Observed both here and elsewhere, average sales quota attainments appear to be in an exorable decline. As I discussed in my recent Analyst Perspective, "The Art and Science of Sales from the 'Inside Out'," vendors of sales technology have reacted to this by adding a slew of new functionality including the potential for artificial intelligence (AI) to be a game changer for sales. One can argue that this use of AI is still relatively immature having been generally available only since 2014, but that is still over five years of market availability.
So why are we still discussing how to arrest the decline? It could be that the focus has only been on the deal or the opportunity. As sales leaders know, deals don’t sell themselves; people do. And yet there has been little focus on the salespeople. Addressing the coaching and skills elements of selling professionals could enable a higher confidence in the sales engagement potential.

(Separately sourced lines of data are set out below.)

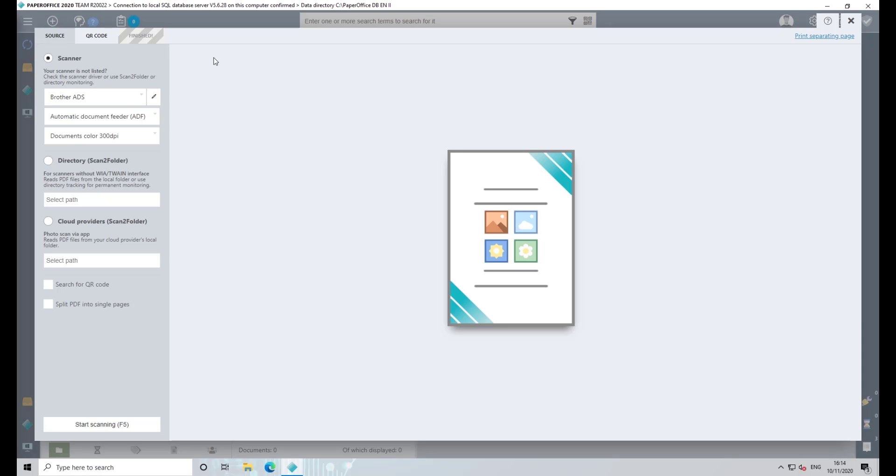Before you scan, make sure that you have installed the latest original driver for your printer or scanner.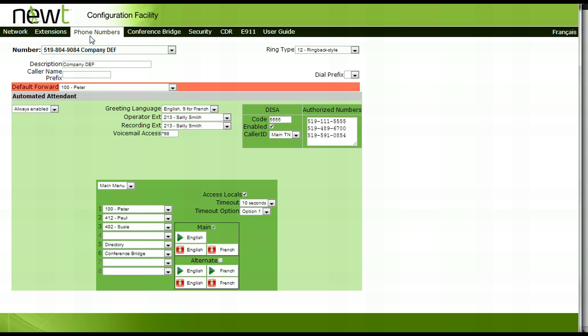To record an alternate greeting, which can be used during longer than normal office closures, press the red English microphone tab under Alternate. The extension that was selected beside the Recording Extension option will ring. Pick up the handset and follow the attendant prompts for recording and saving the greeting.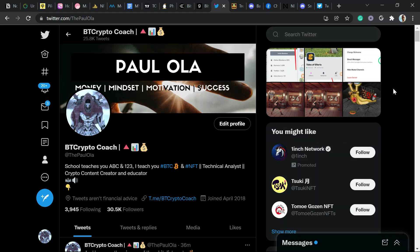Good day guys, this is Polo live here. I'm going through this video to show you guys how to mint on Arbitrum and also use the Arbitrum bridge.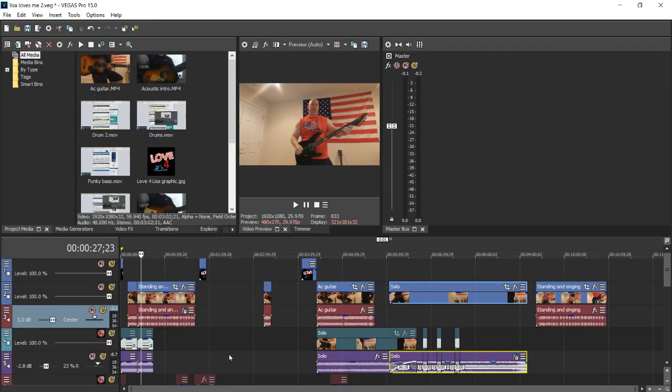That audio track could be guitar, bass, drums, whatever you need it to be. In this case, it's going to be vocals from a rather poor singer. Previously added a little chorus to his voice and maybe a little reverb, which kind of makes it sound like he's singing in a toilet or shower, but hey, it is what it is. So let me play a little bit of this.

The answer may lie in the sales organization itself. If we look at most B2B sales organizations or commercial sales arms of B2C organizations, the focus in the last 10 years has been on sales team management, pipeline management and health or sales forecasting. Even when AI was first introduced, the focus was on opportunity scoring, surfacing reasons why a deal was a potentially good or bad fit. The explanation and reasons for these scores were predominantly observational rather than actionable, leading to a metaphorical shrug from salespeople and first line managers.
However, this same data — data that is used to help inspect and provide objective judgment as to the fit of an opportunity or as to how the deal is progressing — can also be used by sales organizations to look more closely at who they hire and how they focus sales execution and skills training. Historically, sales leaders typically go to salespeople they have worked with in the past, or look to hire those that have exhibited success elsewhere. In addition, internal sales training is typically one-size-fits-all and often takes place at events such as sales kick off, where distraction is at a maximum.
There are a number of new vendors in the market that combine standardized psychometric testing with sales attainment to ascertain what a “good” salesperson looks like for a particular organization, product set or region. The resultant profile can then be used in several ways: to better understand whom to hire and to profile the existing sales teams. By classifying sales teams into groups through regressing soft and hard skills against attainment, sales leaders can identify their current team’s strengths and weaknesses, and which skills are dominant in predicting success. Microtargeting of individual sales skills training needs supports the potential of moving C players to B players, and B players to A players. This will also enable decisions about team members for whom either the company or the role is not a good fit. This training should not be one and done; properly managed, this becomes a continuous process, enabling monitoring of progress or otherwise with repeated decision points as to whether salespersons are developing in line with expectation.
For hiring new reps, rather than relying on past success at a different organization with different products and different buyers, the same analytics and data-driven approach can be used to create a successful seller’s profile — the attributes that make a salesperson successful in a particular company, product set or region — to hire against. Sales leadership should ensure they use more sophisticated insights from analytics and data, supporting a much better understanding of what constitutes the “right” salesperson profile. By doing so, they are able to improve the coaching and skills development of future salespersons, which must be their responsibility if an organization is to have a higher probability for achieving sales effectiveness.